[db] KG Database Selection - Google Spanner
Problem to Solve
Given the sudden deprecation of Kuzu, the GKG team will be accelerating it's efforts to consider alternative graph databases that strongly overlap with Kuzu's querying capabilities and general performance, while also looking to ameliorate some of the downsides of Kuzu.
The intent of this issue is to provide a broad analysis of the features deemed necessary to the GKGaaS effort, an overview of how Spanner Graph performs, and some notes on deployment/resource provisioning for the DB.

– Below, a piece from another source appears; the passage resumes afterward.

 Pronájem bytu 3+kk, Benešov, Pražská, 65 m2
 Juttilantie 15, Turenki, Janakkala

Spanner https://cloud.google.com/spanner?hl=en
Analysis
- Spanner Graph appears to have been built on top of the existing Spanner relational database offering. Spanner Graph is a feature which integrates graph capabilities with Spanner. It requires to define nodes and edges as table and then specify the graph based on the existing tables, primary keys and foreign keys.
- If we decide to go with a "slim" graph we can get away with two simple table (Node {id, traversal} and Edge { from, to }) and assign them different label. But this will get messy if we change our mind.

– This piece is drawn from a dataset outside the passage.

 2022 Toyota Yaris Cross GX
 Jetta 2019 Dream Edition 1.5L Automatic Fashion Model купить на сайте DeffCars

- Spanner Graph offers a querying language that is similar to openCypher with a few differences which are listed here https://cloud.google.com/spanner/docs/graph/opencypher-reference.
-
✅ Code Indexing: High volume of nodes with smaller data payloads (e.g., code symbols). -
✅ SDLC Data: Lower volume of nodes with larger data payloads (e.g., issue titles, descriptions, and other long-form text).

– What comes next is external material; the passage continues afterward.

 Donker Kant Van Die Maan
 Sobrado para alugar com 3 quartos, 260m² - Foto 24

- Spanner supports importing from PostgreSQL via Datastream and from Avro and CSV files via the Import API. For ClickHouse we can use Avro files with the Import API for handling massive datasets with proper parallelization, error handling, and throughput optimization.
- The database is not embeddable. Furthermore, there isn't any supported way to run locally in a Docker image. There is an emulator https://docs.cloud.google.com/spanner/docs/emulator for local development, but it is not specified if it supports graph features and is not meant to be used as a local database.
Performance & Scalability Requirements
- Spanner is fundamentally an OLTP system designed for high-volume transactional writes. In August this year, they have introduced a columnar engine which speeds up the analytical queries. At the scale of multi-millions of nodes and edges, I think the columnar engine can easily do the job.
- Spanner does not appear to offer the same algorithm library as other graph database do. This is limiting if we want to run PageRank, shortest-path, etc.
- Spanner is built for global distribution with replication across zones and simple horizontal scaling providing 99.999% SLA. It automatically handles all those aspect which result in low maintenance costs on our side.
- If we're going to bulk import using files, we should use Avro files, which are the row-based counterpart of Parquet files.
- Spanner is built for scale. It without a doubt can store billions of nodes and edges if needs be.
- Here we should probably use the same approach as in the monolith for PostgreSQL to store the information.
Security & Authorization Requirements
- Spanner supports creating a limit of 100 databases per instance https://cloud.google.com/spanner/quotas#database-limits, which means if we want to roll this out to every top-level namespaces, we'd need (number of top-level namespaces / 100) instances.
- Spanner create logical separation between the database, ensuring the customer data is never mixed.
WHERE clauses) based on claims from a JWT (like user-specific traversal IDs). This allows the service to enforce fine-grained, row-level security at query time. This ensures users can only access data they are authorized to see.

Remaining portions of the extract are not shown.